Confusion is another broken expectation. Your visitor expects that there is something she can get done, and then learns she can’t… at all or not easily.
- “I wanted to do this, but couldn’t figure out how to get it done.”
“I wanted to check on the status of my claim, but couldn’t find my claims after logging in.”
“I wanted to do a search for what I wanted, but couldn’t find the search box.”
“I thought this link was going to take me where I wanted, but instead, they tried to sell me some other product.”
“I did a search, but the search results seemed disorganized… it was hard to find what I really wanted.”
“The name at the top of the page on the home page was not the same name on the top of the page when I got to their products… am I still on the same company site?”
Disappointment is another broken expectation. Your potential customer is trying to do something and hits a wall or dead end.
- “I thought I was going to be able to do something, and I couldn’t.”
“I thought I was going to be able to change my address online, but it turns out I have to call the company.”
“I filtered my search results by my size, but the item detail page said it wasn’t available in my size.”
“It told me I could buy tickets by where I wanted to sit, but that feature looked disabled.”
“I took their little quiz, but it said they didn’t have enough information to estimate how much I’d need to retire. What a waste of my time!”
Distraction is where the most eye-catching thing on the page and what someone is trying to accomplish on the page are not in harmony. Making things eye catchy or cool should support your goals for users or their goals for themselves rather than working against them. Dropping things into side columns is no excuse. Those may still be distractions.

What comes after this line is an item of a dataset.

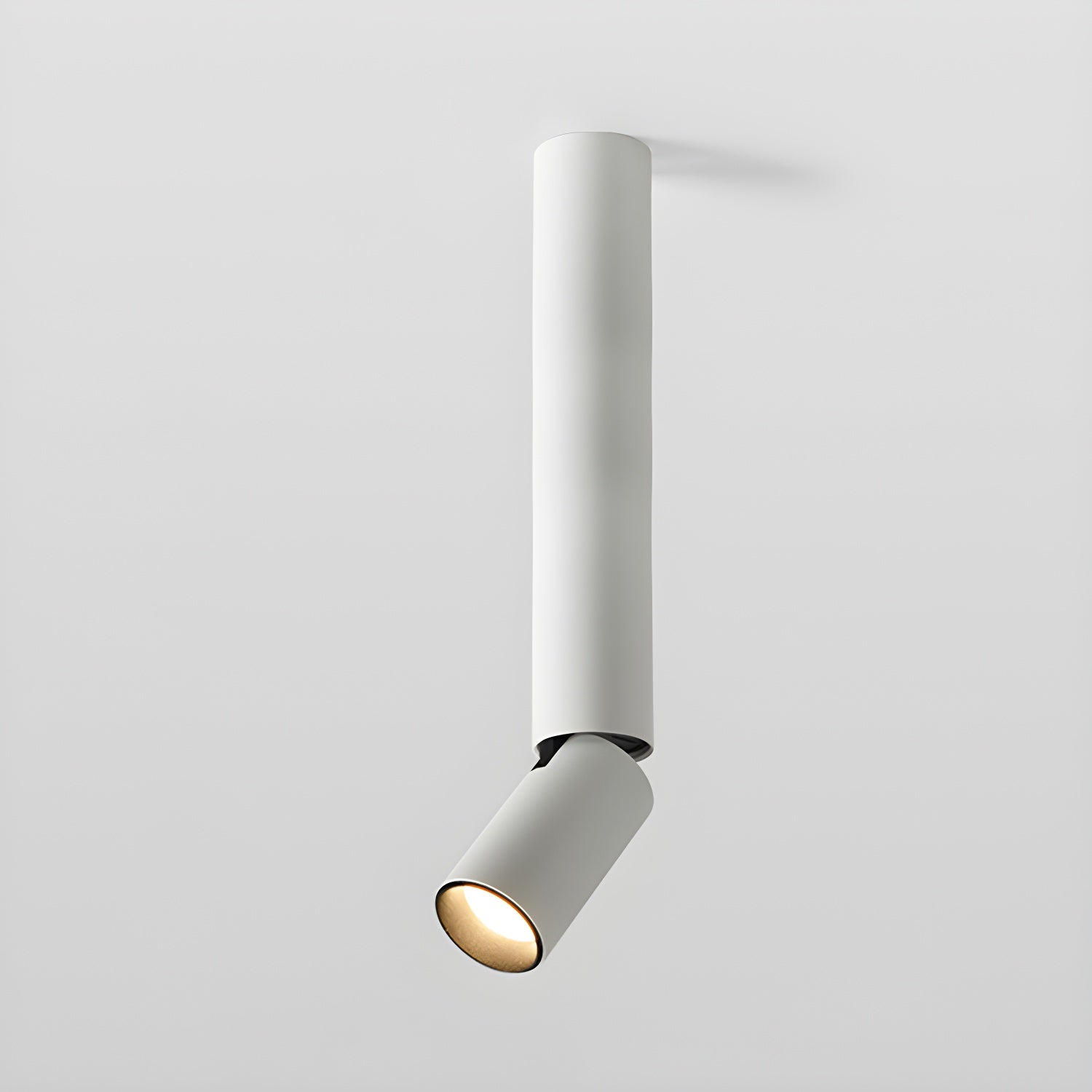 Julian Adjustable Surface Downlight - DEPRIMO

Many elements could be distracting to the user. Your colors. An animated element. A carousel.
Distractions can also be more subtle. If someone is on an eCommerce site and they’ve finally landed on the page showing the item they wanted, the #1 thing you want them to do is to buy this. The more buttons, doo-dads, and other things you put between the user and the “Add To Cart” button, the more you are possibly distracting them. Where should “Write a Review of This Product” go? Do you want people to think about doing that before they’ve bought it? Should that be dominant on the page?

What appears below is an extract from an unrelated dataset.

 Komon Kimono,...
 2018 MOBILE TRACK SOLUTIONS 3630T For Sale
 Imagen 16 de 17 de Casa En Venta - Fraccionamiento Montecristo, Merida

If it’s not enhancing the experience and helping people get where they wanted to go, it’s possibly a distraction.
Look For The Four Horsemen
We look for The Four Horsemen in your web, mobile, and other projects. Better that we find them now than release them to the public. User testing can help. Being objective and honest can help.

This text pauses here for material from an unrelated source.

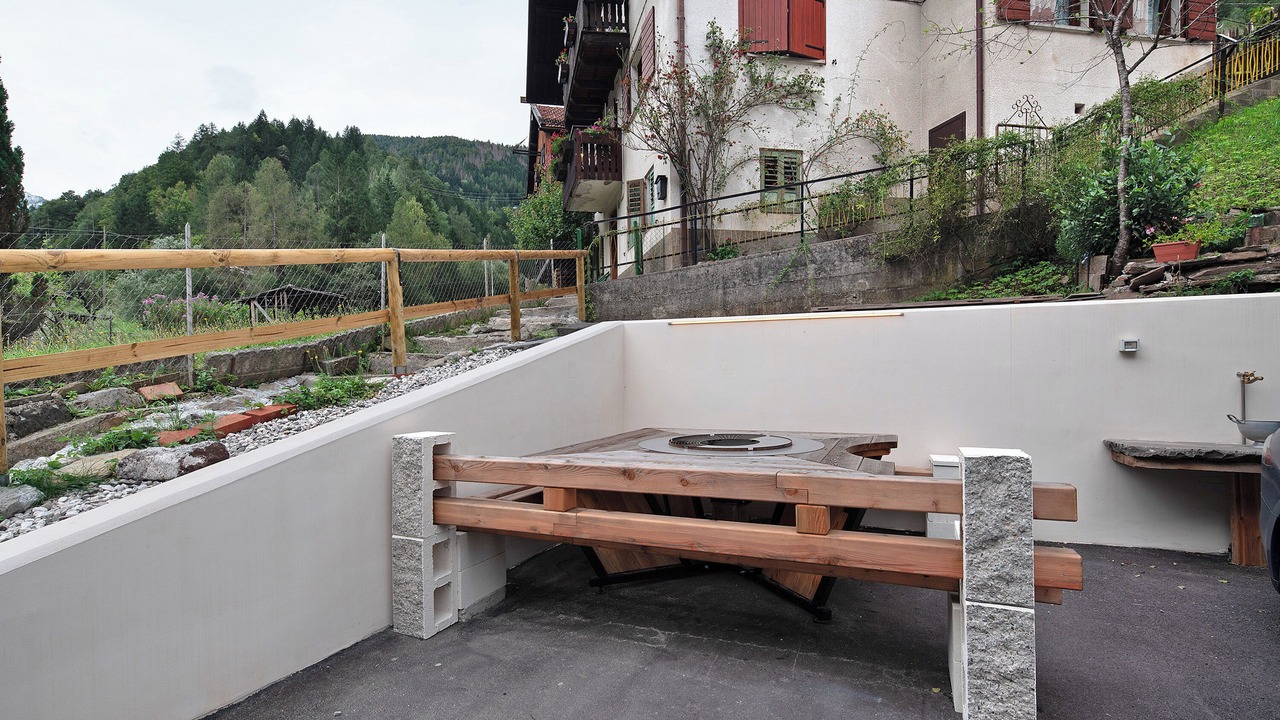 Photo of Outdoor in San Tomaso Agordino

We can start with a UX Optimization report, which will determine where users might be running into the Four Horsemen now.
Frustration, confusion, distraction, and disappointment can kill a user experience. They are cousins of each other, and many users will feel more than one of those in reaction to something you’ve presented.
Defeat these horsemen by being open to suggestions, getting one or more strong and talented UX people on your side, and not being afraid to test and make changes.